Description of the task: Report every line of the data that includes "Paperback".

Records for the task:
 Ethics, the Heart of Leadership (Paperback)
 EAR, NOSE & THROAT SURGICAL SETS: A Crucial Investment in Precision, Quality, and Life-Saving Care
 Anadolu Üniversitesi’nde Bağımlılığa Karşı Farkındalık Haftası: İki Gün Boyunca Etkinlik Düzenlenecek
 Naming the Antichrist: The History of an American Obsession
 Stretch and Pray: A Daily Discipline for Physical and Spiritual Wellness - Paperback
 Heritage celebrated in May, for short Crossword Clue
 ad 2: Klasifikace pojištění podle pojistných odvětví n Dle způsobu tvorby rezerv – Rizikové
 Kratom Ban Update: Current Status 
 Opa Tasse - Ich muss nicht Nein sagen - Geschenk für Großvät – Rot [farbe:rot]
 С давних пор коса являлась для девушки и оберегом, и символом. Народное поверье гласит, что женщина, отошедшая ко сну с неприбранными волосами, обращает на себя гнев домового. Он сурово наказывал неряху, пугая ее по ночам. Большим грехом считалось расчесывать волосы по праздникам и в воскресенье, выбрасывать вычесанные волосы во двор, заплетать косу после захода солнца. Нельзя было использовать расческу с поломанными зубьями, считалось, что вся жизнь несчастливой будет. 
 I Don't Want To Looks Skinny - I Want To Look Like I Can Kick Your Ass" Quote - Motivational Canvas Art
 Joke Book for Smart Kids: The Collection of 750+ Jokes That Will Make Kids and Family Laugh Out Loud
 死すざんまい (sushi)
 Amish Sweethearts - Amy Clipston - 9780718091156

...

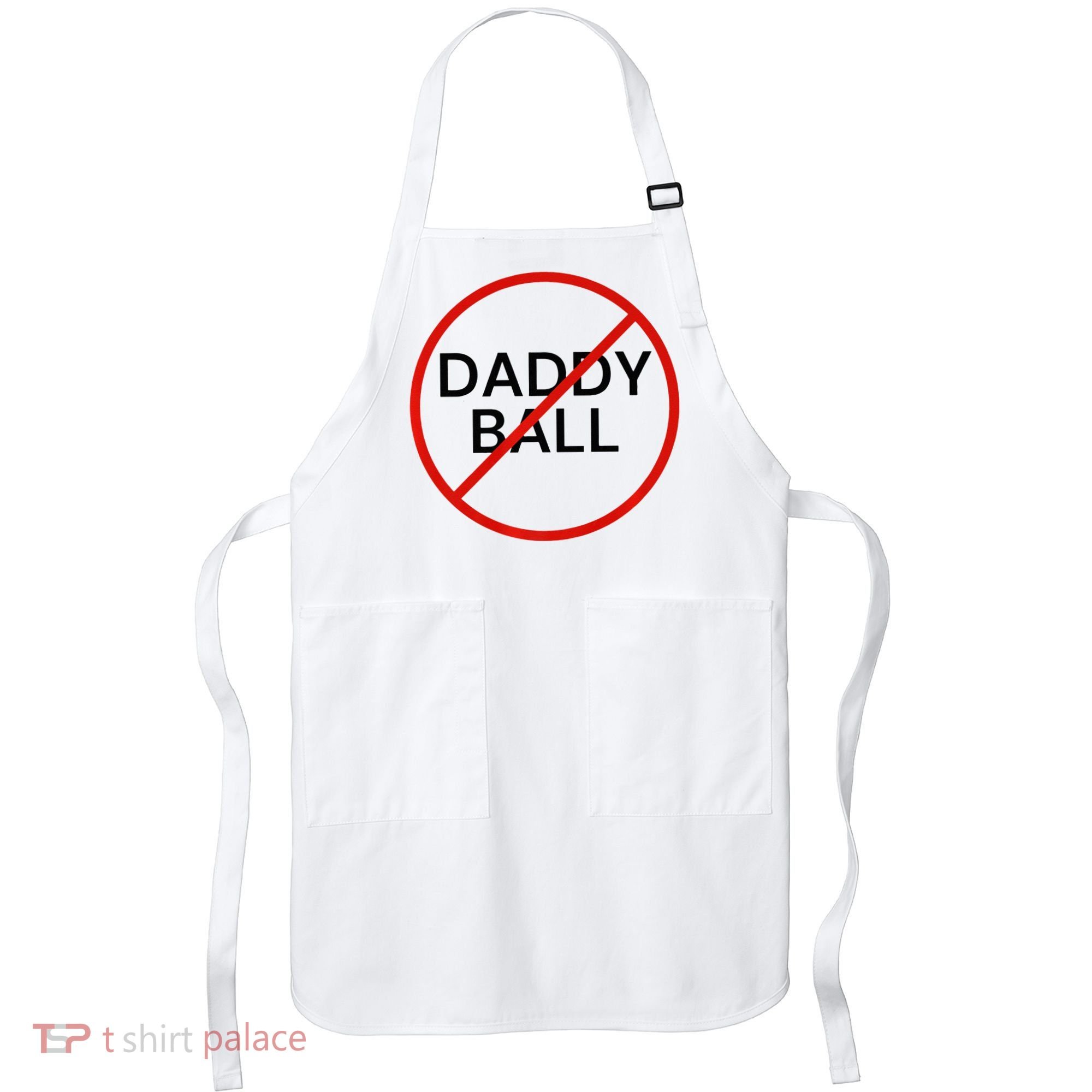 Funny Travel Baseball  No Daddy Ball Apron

Reply to the exercise:
 Ethics, the Heart of Leadership (Paperback)
 Stretch and Pray: A Daily Discipline for Physical and Spiritual Wellness - Paperback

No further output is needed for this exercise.